Nothing outside the range is to be copied. From the entries below, reproduce exactly the lines starting at the one with "t-shirt con con" and ending at the one with "ETUI CZARNE SILIKONOWE", without pictures.

_Exercise data_:
- - - -
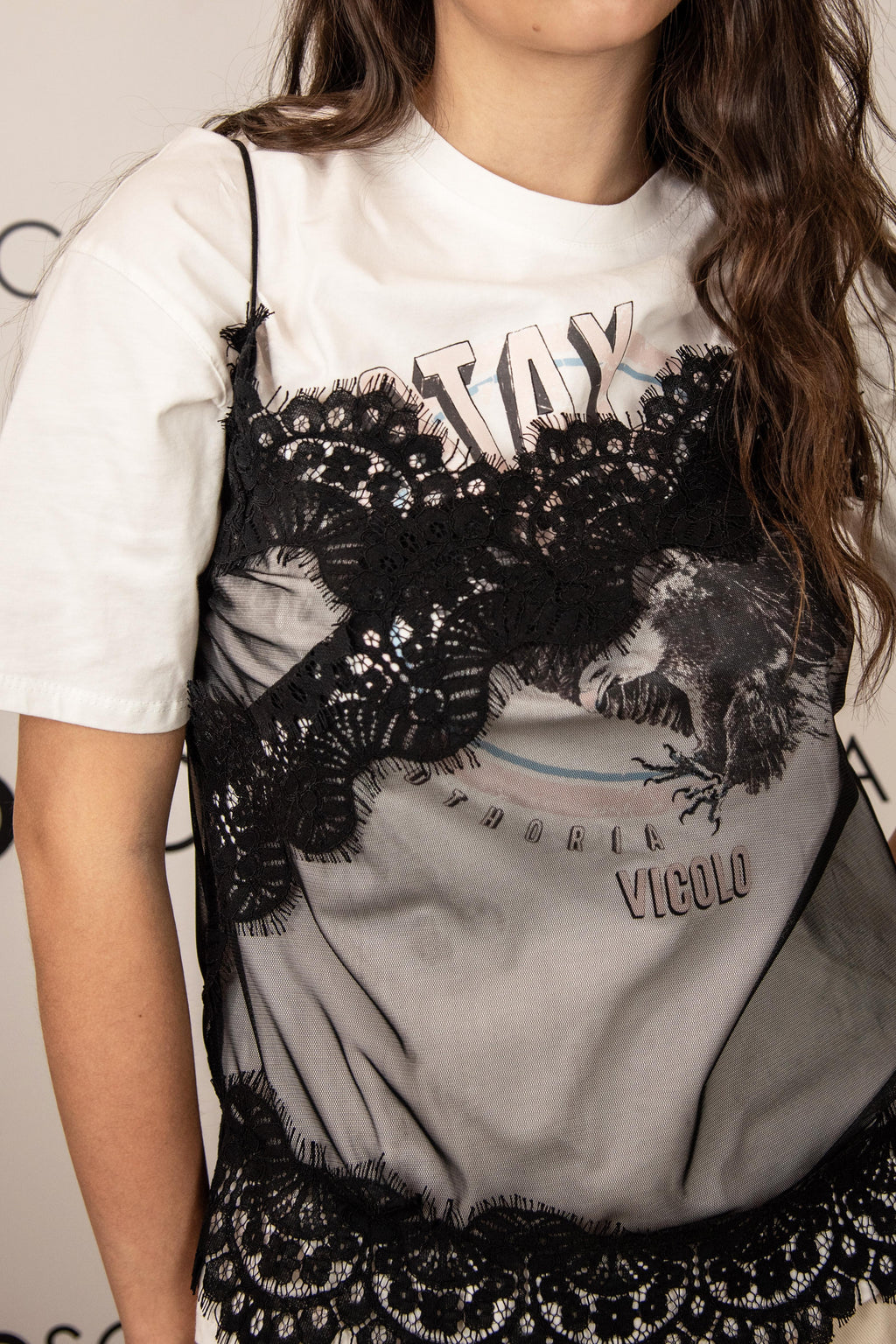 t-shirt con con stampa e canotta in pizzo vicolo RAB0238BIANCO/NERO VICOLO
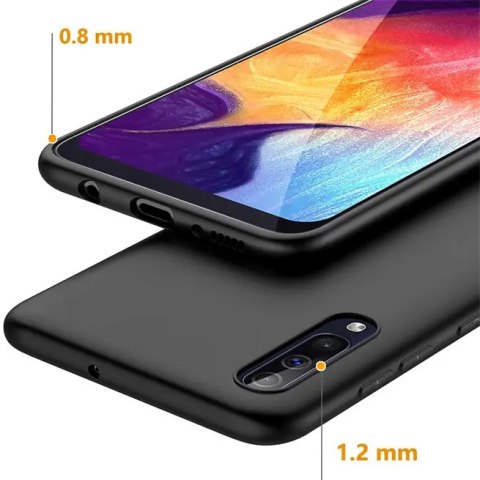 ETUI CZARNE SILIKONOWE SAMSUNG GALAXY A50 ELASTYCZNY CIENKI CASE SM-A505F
- - - -
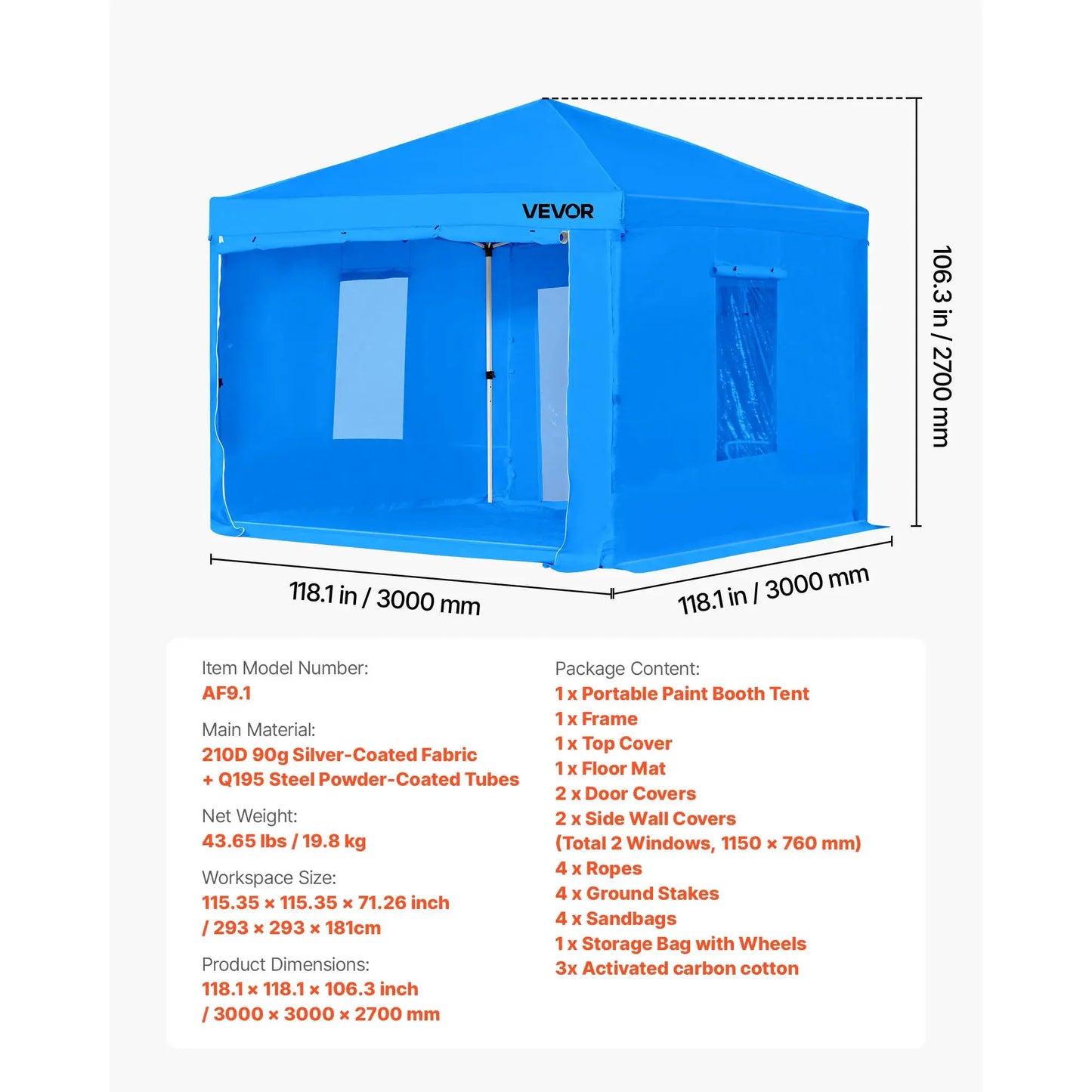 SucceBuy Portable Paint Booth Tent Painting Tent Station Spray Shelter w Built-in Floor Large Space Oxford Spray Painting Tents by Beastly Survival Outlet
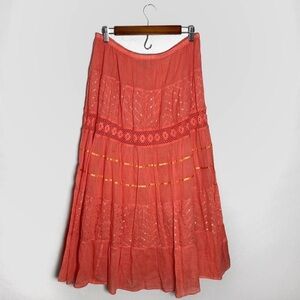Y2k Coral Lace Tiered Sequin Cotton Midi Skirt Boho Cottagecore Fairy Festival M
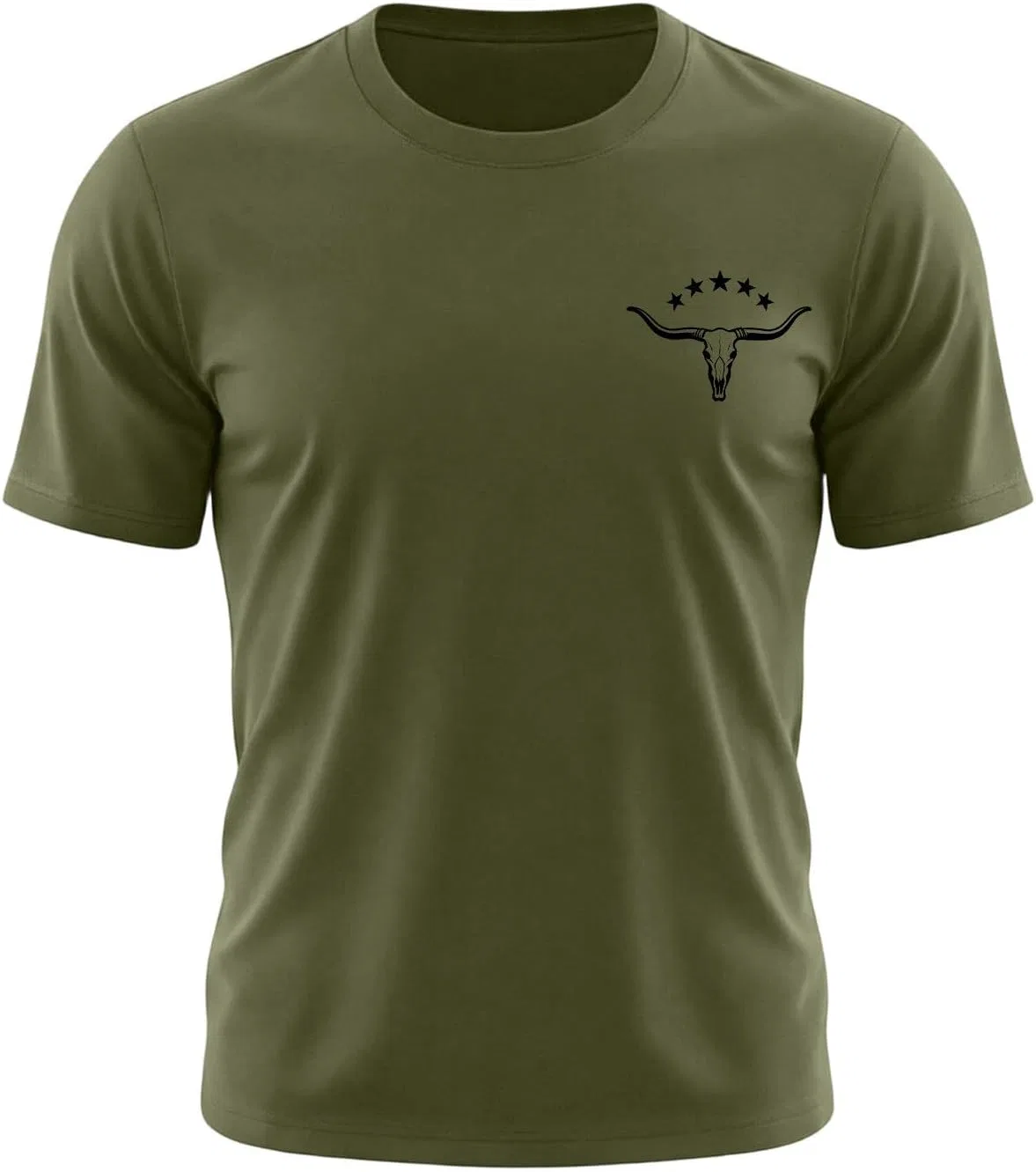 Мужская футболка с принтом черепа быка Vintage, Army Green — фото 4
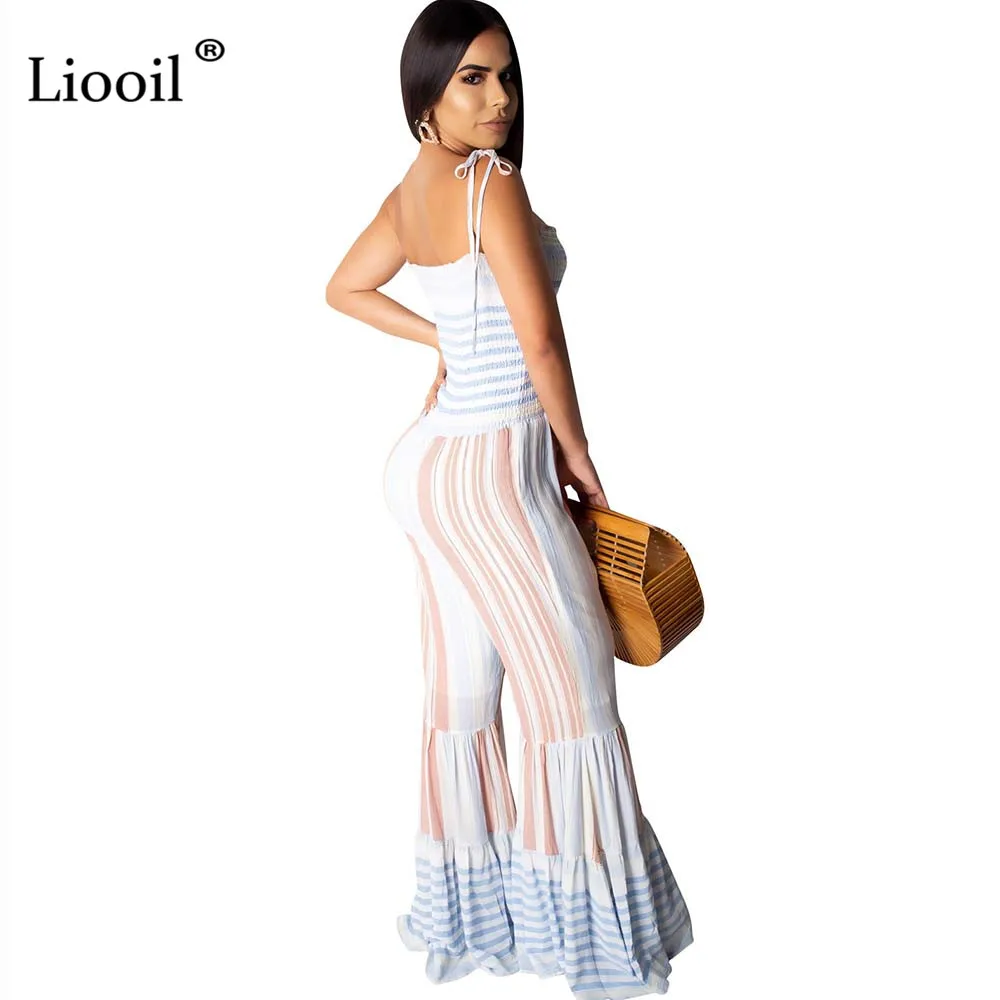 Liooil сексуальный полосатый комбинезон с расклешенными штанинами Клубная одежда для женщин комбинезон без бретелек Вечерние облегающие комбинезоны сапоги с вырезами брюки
- - - -
_Exercise result_:
 t-shirt con con stampa e canotta in pizzo vicolo RAB0238BIANCO/NERO VICOLO
 ETUI CZARNE SILIKONOWE SAMSUNG GALAXY A50 ELASTYCZNY CIENKI CASE SM-A505F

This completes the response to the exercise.